**DIRECTIONS**
Starting at the line with "GREEN Lemonade 330ml" and ending at the line with "Wooden Gua Sha", print exactly the lines of the entries below. Pictures do not belong in the copy.

**INFORMATION SHOWN**
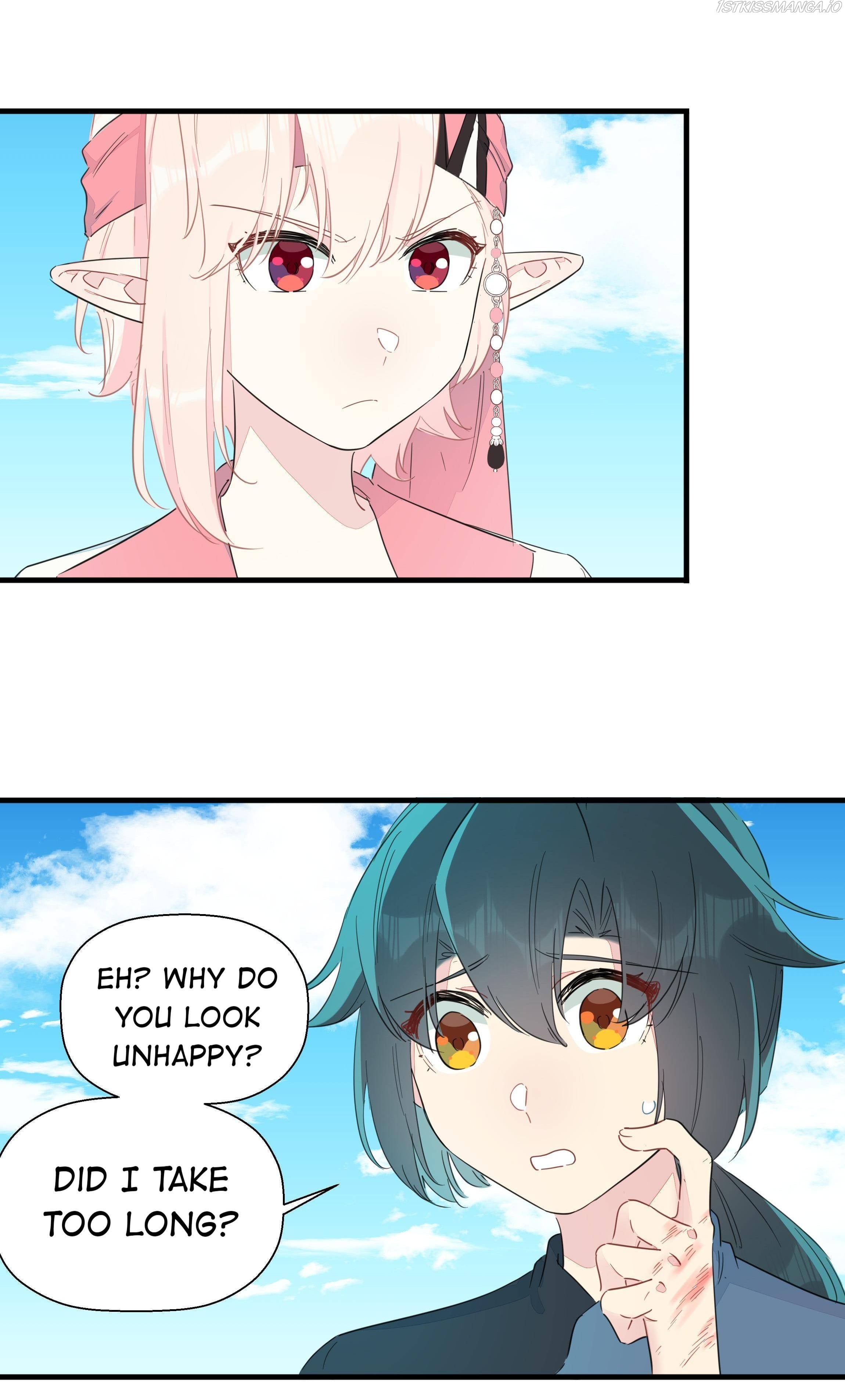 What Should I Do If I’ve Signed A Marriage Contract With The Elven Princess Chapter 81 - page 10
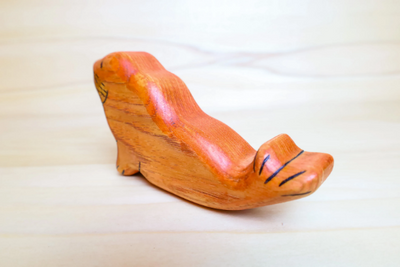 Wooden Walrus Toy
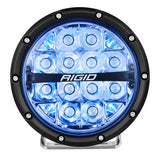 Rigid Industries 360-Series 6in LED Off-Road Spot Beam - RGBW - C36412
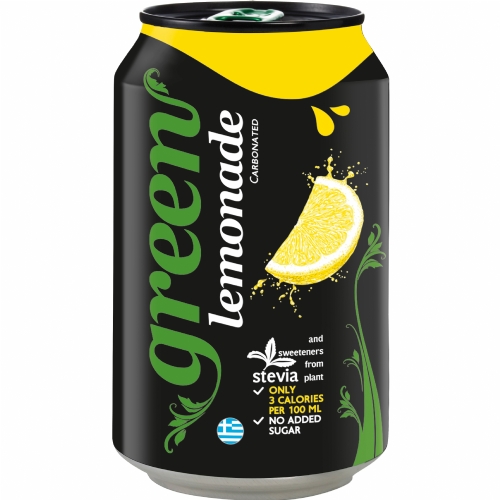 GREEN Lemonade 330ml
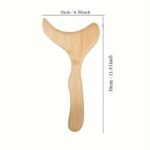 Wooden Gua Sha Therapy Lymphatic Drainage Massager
--
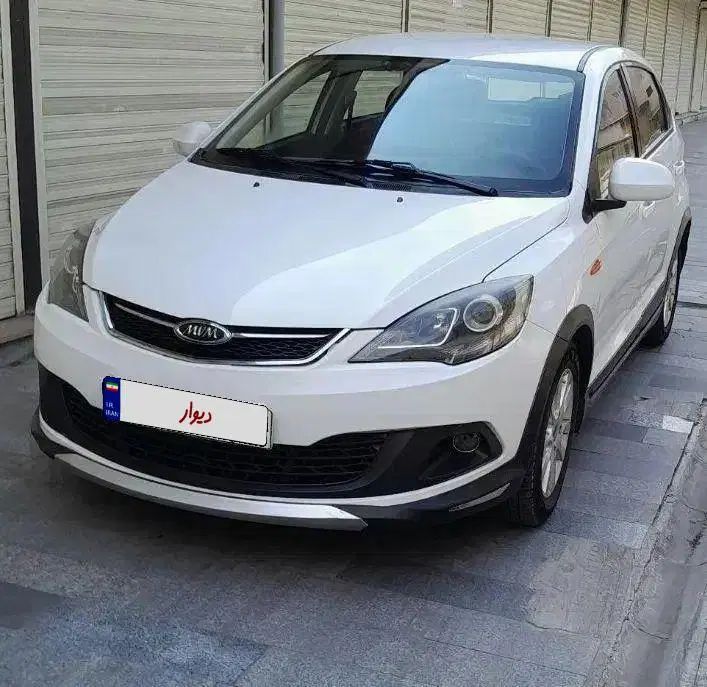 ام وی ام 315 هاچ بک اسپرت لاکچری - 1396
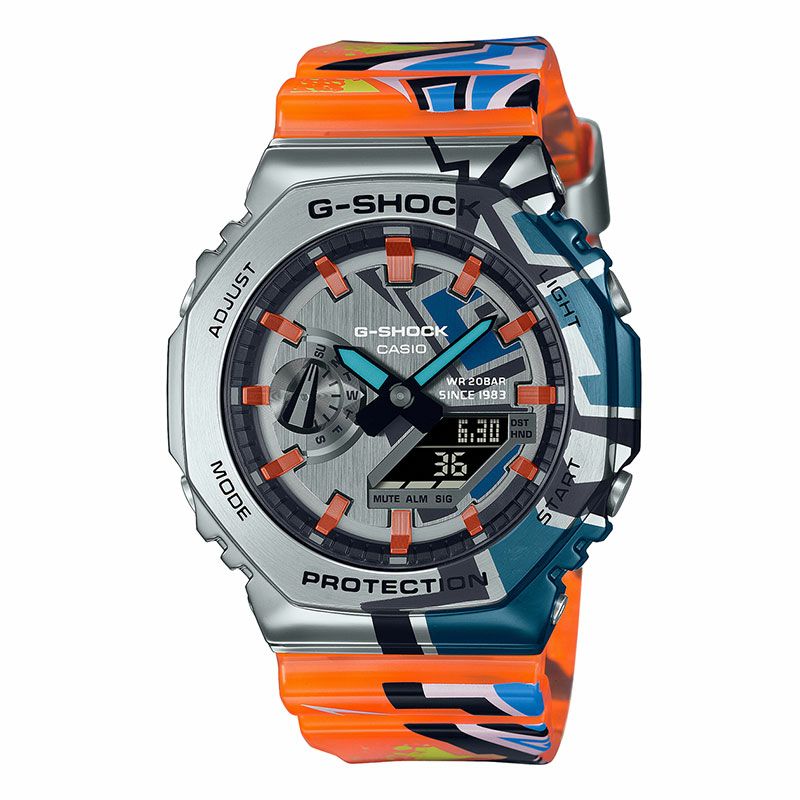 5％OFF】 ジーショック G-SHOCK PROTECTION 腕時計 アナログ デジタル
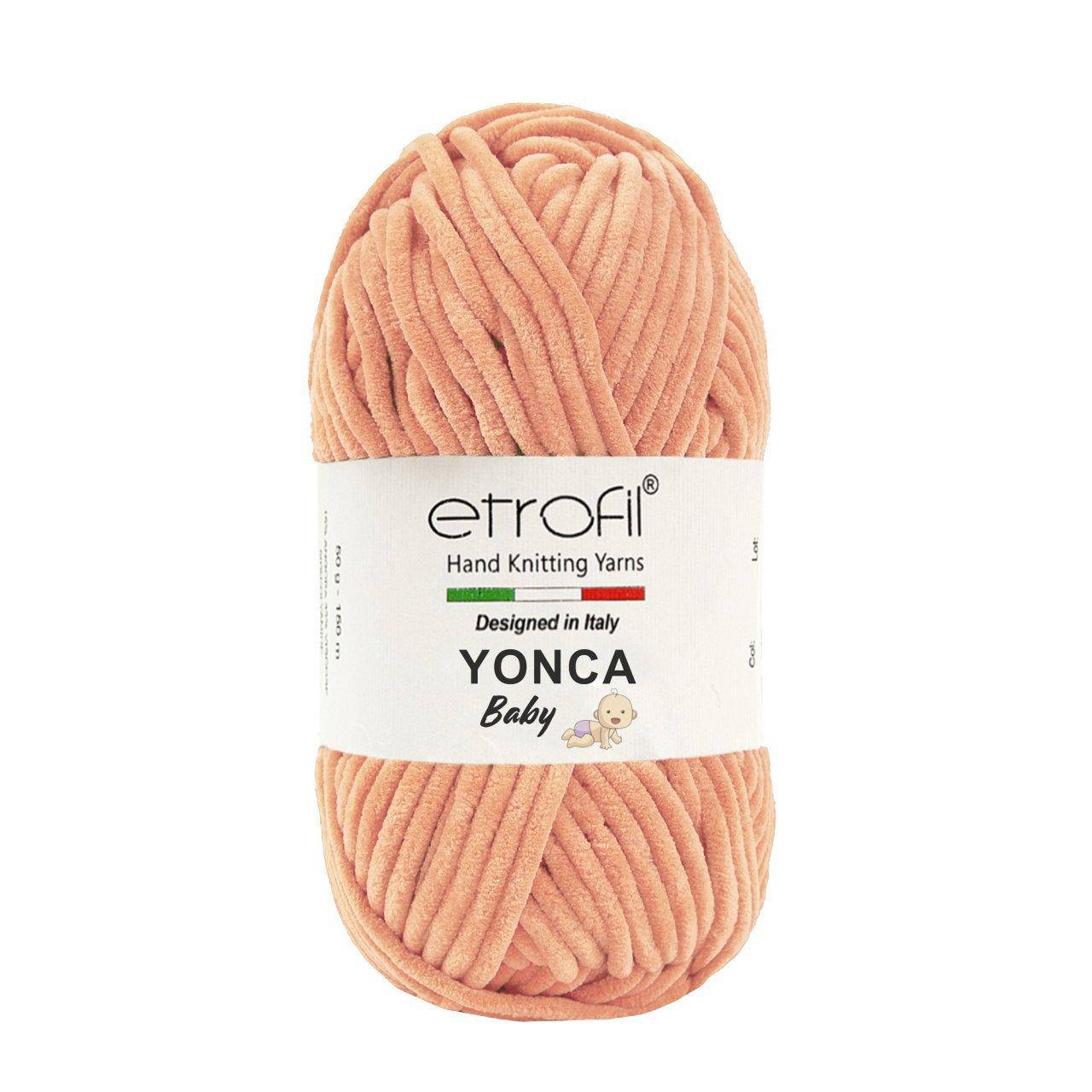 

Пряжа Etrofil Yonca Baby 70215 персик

**EXERCISE RESULT**
 GREEN Lemonade 330ml
 Wooden Gua Sha Therapy Lymphatic Drainage Massager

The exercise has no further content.